YOUR OBJECTIVE
In the records below, the lines between the one holding "2025 Hyundai Tucson SEL AWD" and the one holding "achat maison cannectancourt 60310", inclusive, are to be transcribed exactly; no pictures are to be included.

WORKING DATA

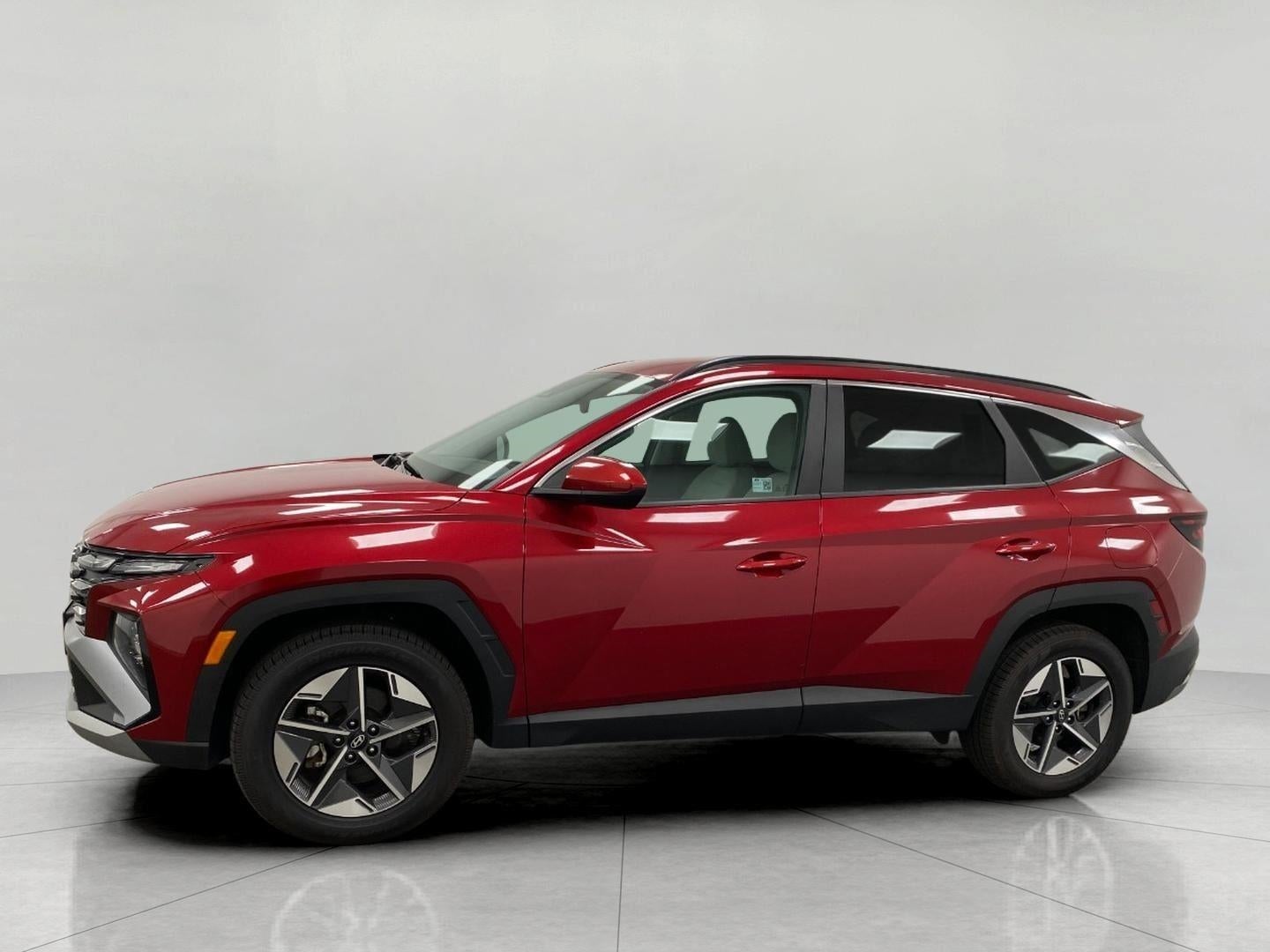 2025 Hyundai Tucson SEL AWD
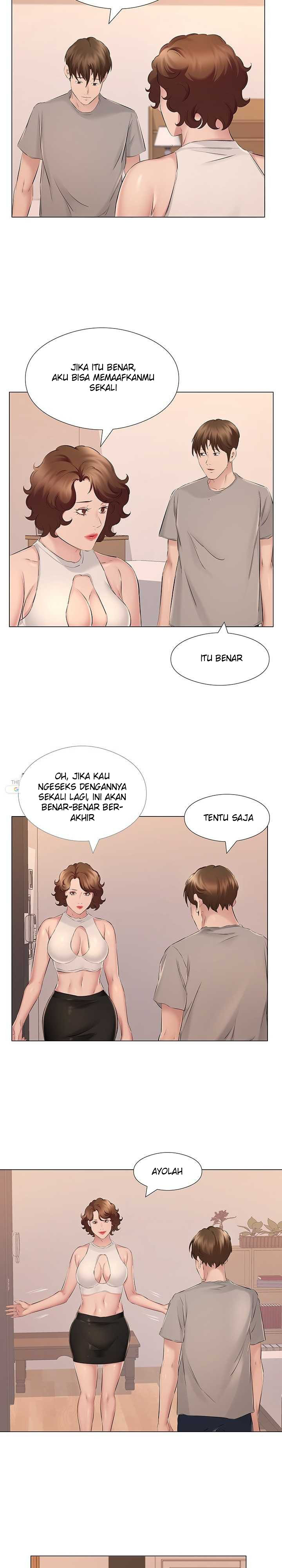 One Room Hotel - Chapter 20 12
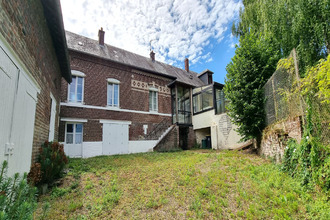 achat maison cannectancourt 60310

==

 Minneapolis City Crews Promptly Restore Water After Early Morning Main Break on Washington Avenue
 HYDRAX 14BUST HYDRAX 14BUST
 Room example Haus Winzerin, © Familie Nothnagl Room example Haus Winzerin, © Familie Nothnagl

OUTPUT OF THE TASK
 2025 Hyundai Tucson SEL AWD
 One Room Hotel - Chapter 20 12
 achat maison cannectancourt 60310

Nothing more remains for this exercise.